Content, aim and frequently asked questions

Contents and aims of the Progeentix data collection

overall Progenetix database growth

The Progenetix database collects information about genomic abnormalities in human neoplasias. the main aim of the project is to facilitate the identification of genes relevant in tumorigenesis as well as the development of genomic profiling tools for the differential diagnosis and prognostic evaluation.

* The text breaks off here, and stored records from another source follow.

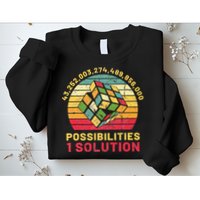 Puzzle Cube Funny One Solution Speed Cubing Retro Math Sweatshirt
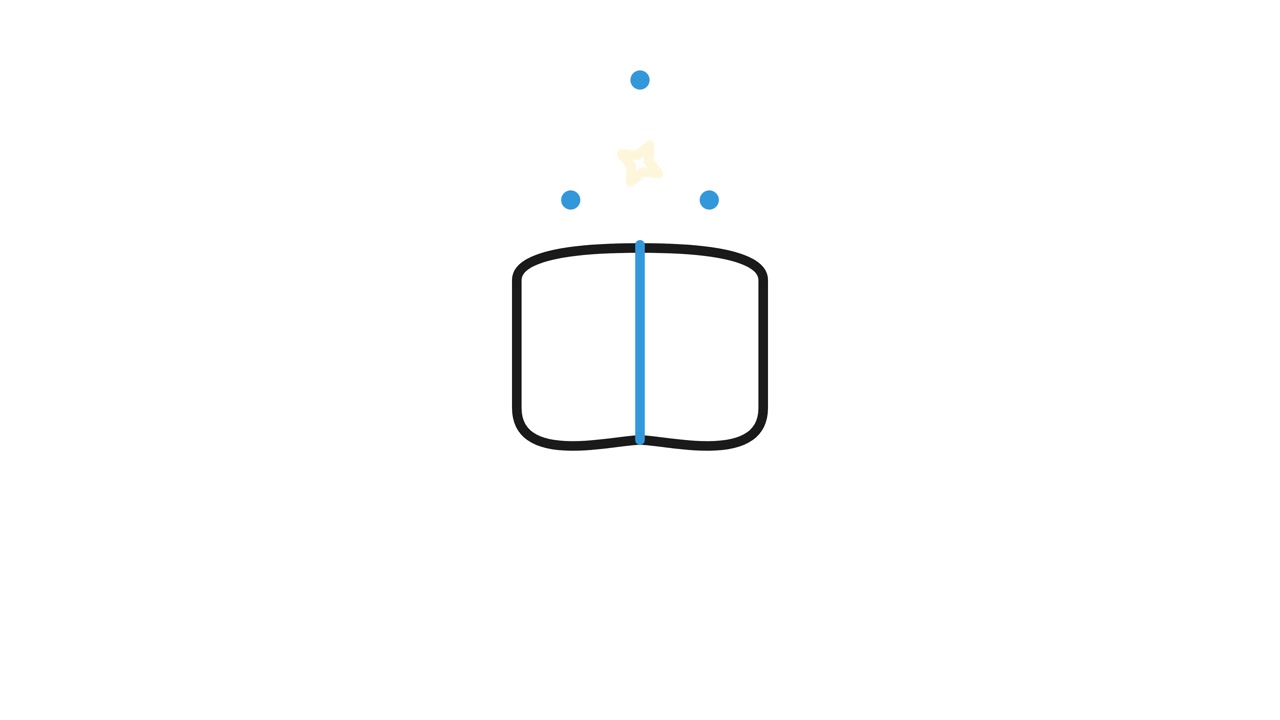 Disegno di un'icona libro animata minimalista su sfondo bianco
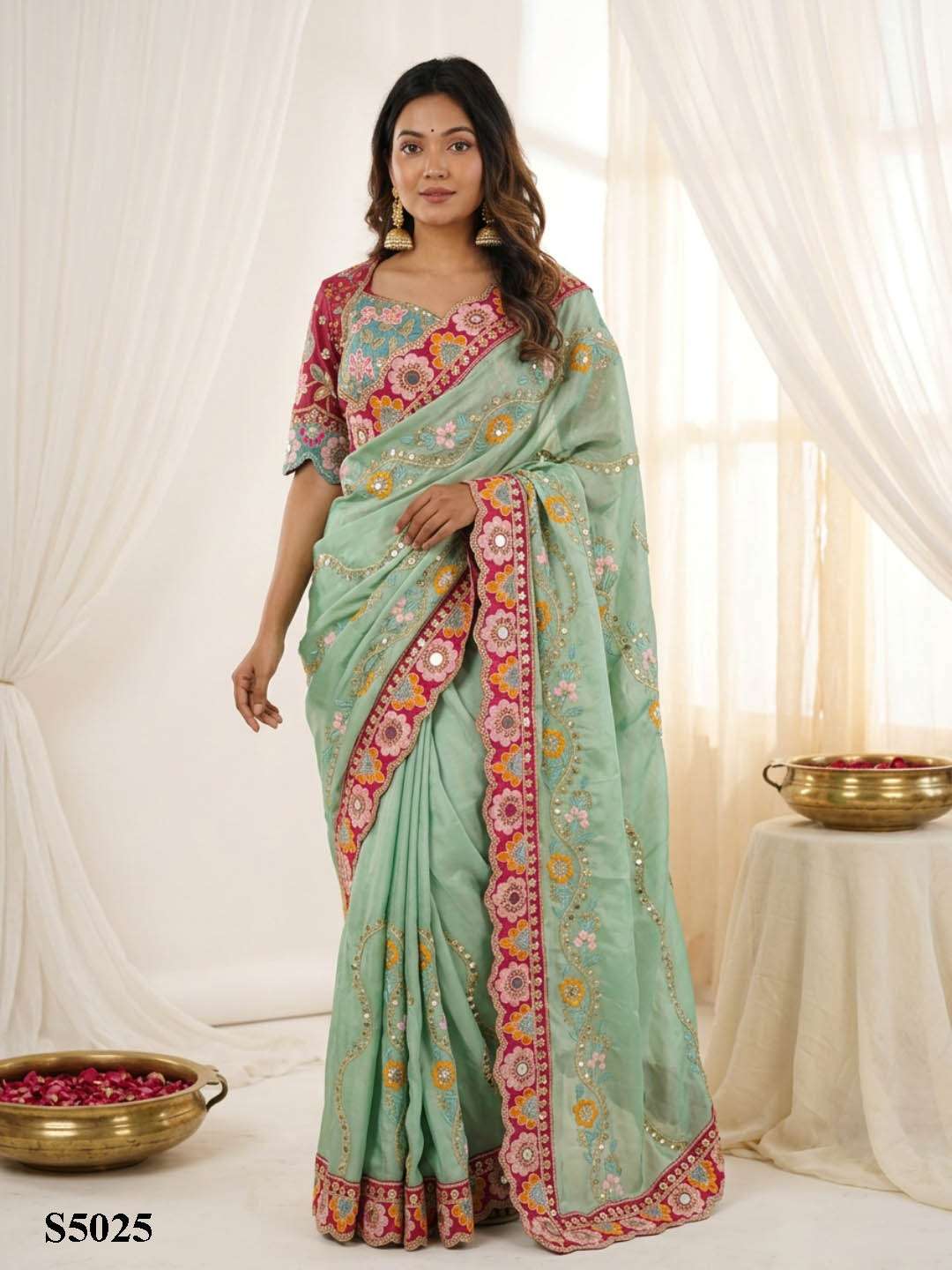 Mahotsav Disha Rangoli Silk Embroidery Saree Collection - Amrah Wholesale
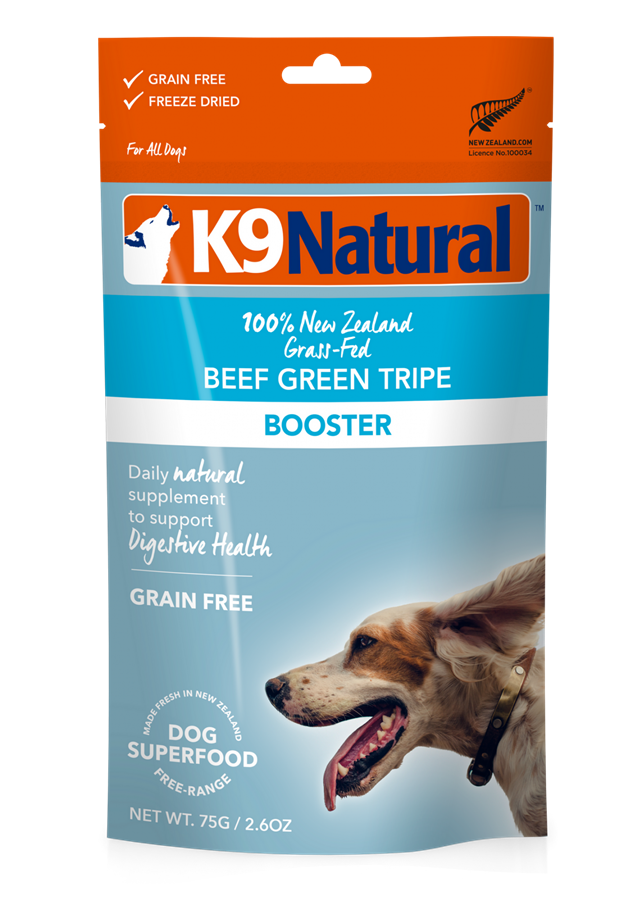 K9 Natural Freeze Dried New Zealand Grass-Fed Beef Green Tripe Booster for Dogs - 8.8 oz.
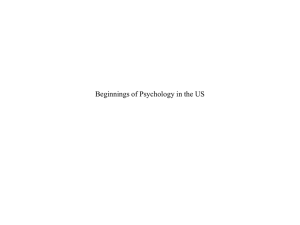 Beginnings of Psychology in the US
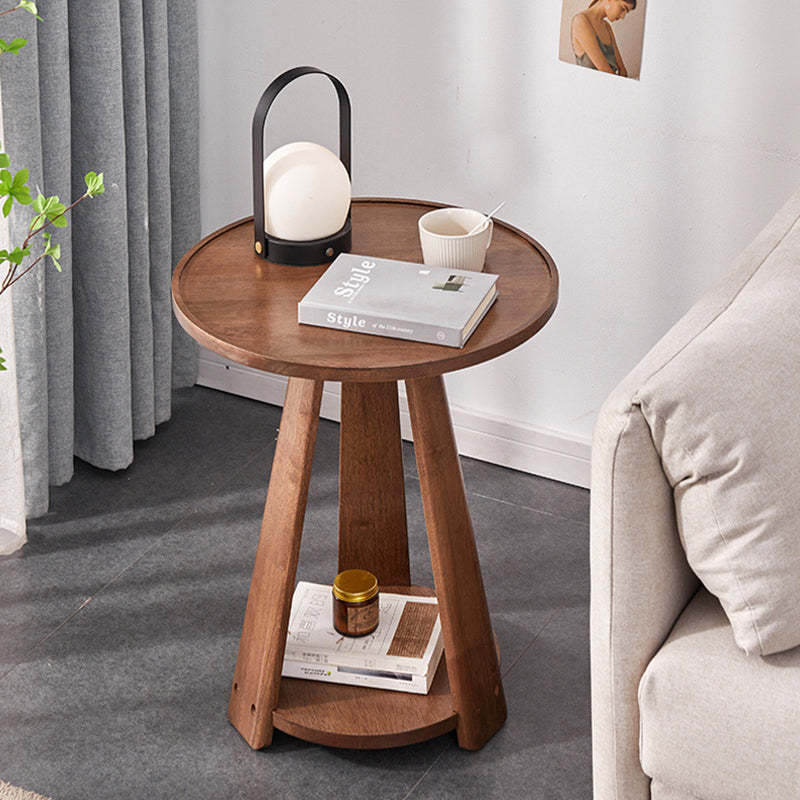 Modern Round Rubberwood 2-Tier End Table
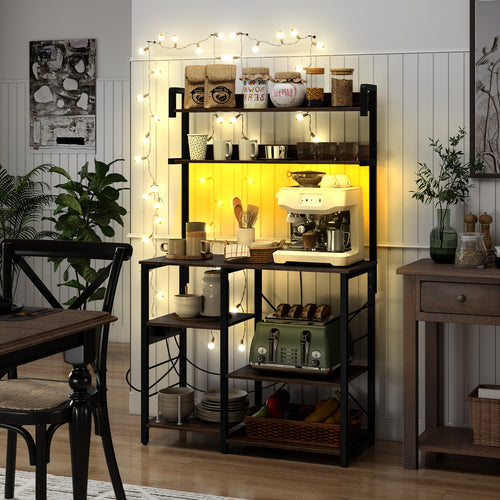 5-Tier Kitchen Bakers Rack With Power Outlet, LED Lights, Rustic Brown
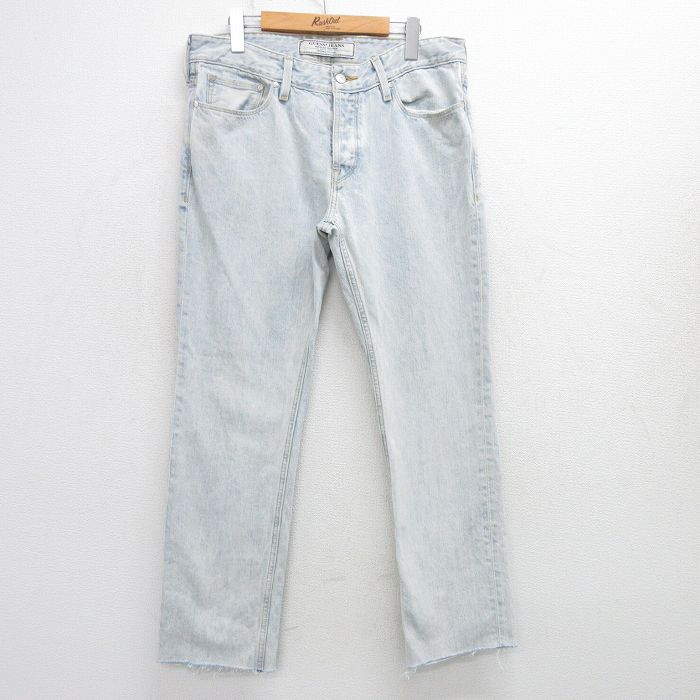 W35★古着 ゲス GUESS ブランド ジーンズ メンズ 00年代 00s コットン 薄紺 ネイビー デニム 25mar27 中古 ボトムス ジーパン Gパン ロング パンツ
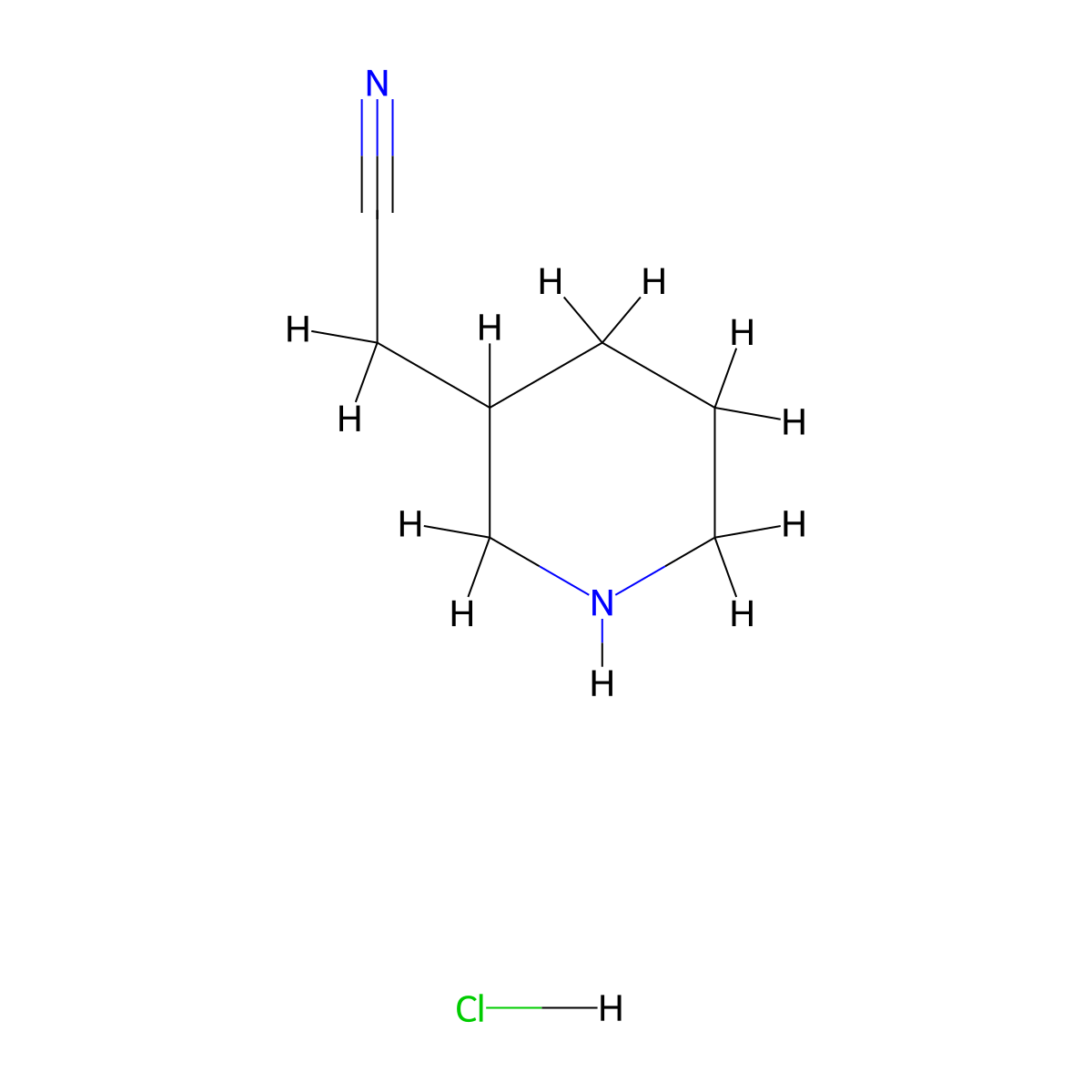 2-(Piperidin-3-yl)acetonitrile hydrochloride molecular structure, CAS 5562-23-2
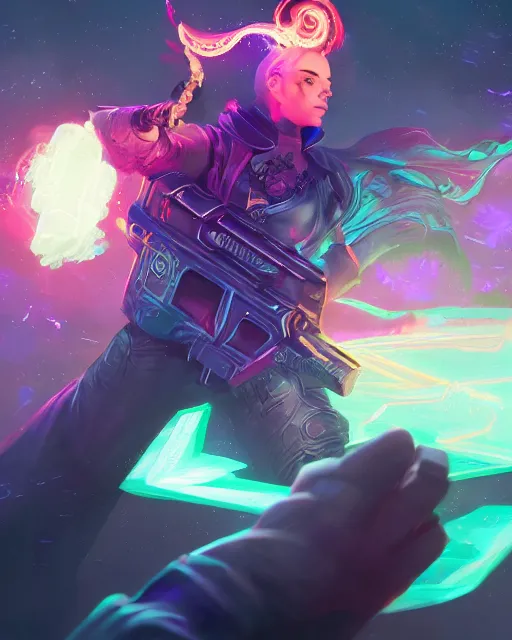 Image similar to A sorcerer wielding two Glock pistols, surrealism, smooth, intricate, elegant, galactic energy, power aura, neon glowing spells, digital painting, artstation, concept art, high tech fantasy, sharp focus, illustration, art by Jason Chan and Riot Studios and Blizzard Studios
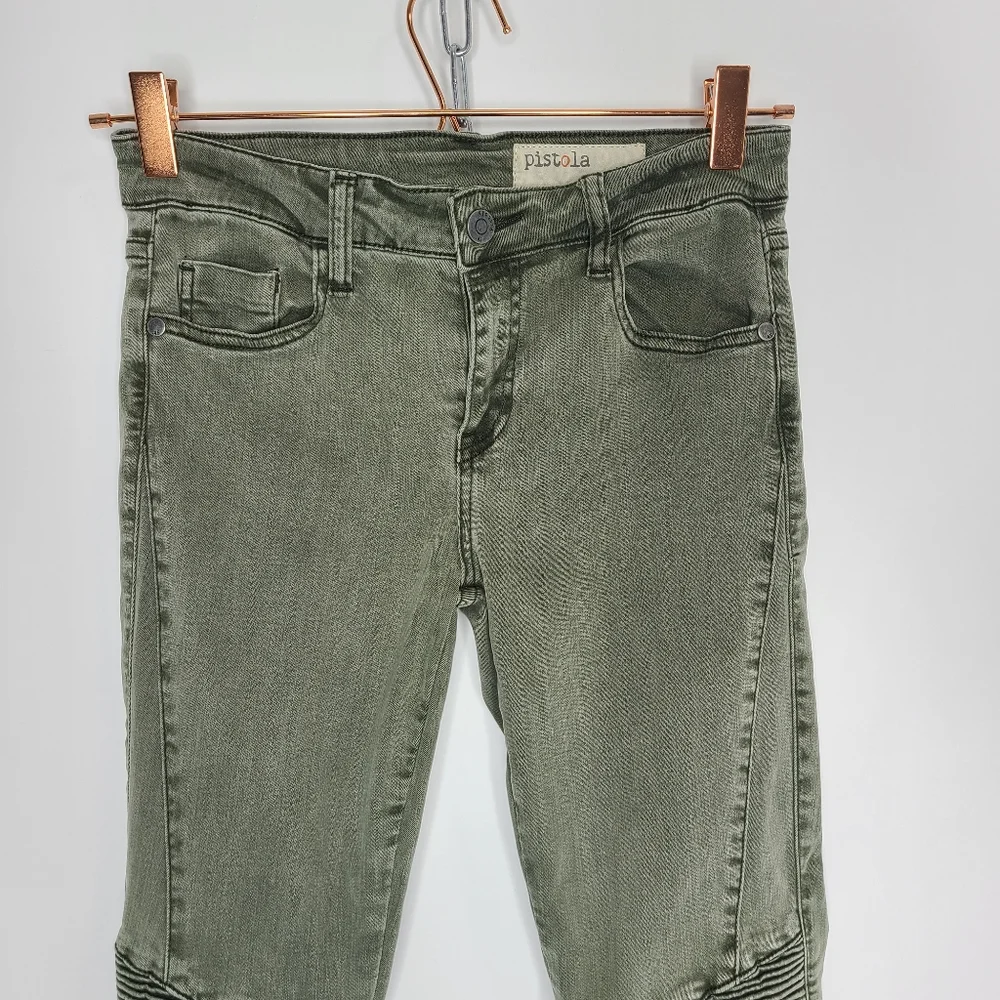 Pistola Audrey Pants Moto Detail Skinny Knit Olive Green Size 26 - Picture 2 of 10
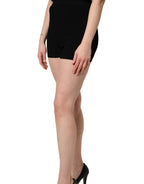 Black Viscose High Waisted Hot Pants Shorts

Developed as a repository for published Comparative Genomic Hybridization (CGH) data, currently a growing number of array CGH profiles is being added. In contrast to array data repositories (e.g. GEO, ArrayExpress), Progenetix provides pre-computed genomic profiles with whole genome copy number gain/loss information. Generally, the inclusion of all interpreted (a)CGH data into publications or supplementary material should be part of good scientific practice.

change of genomic screening techniques by publication date

Progenetix data can be freely accessed for academic research projects; please contact Michael Baudis to get access to the XML formatted source file and data mining features.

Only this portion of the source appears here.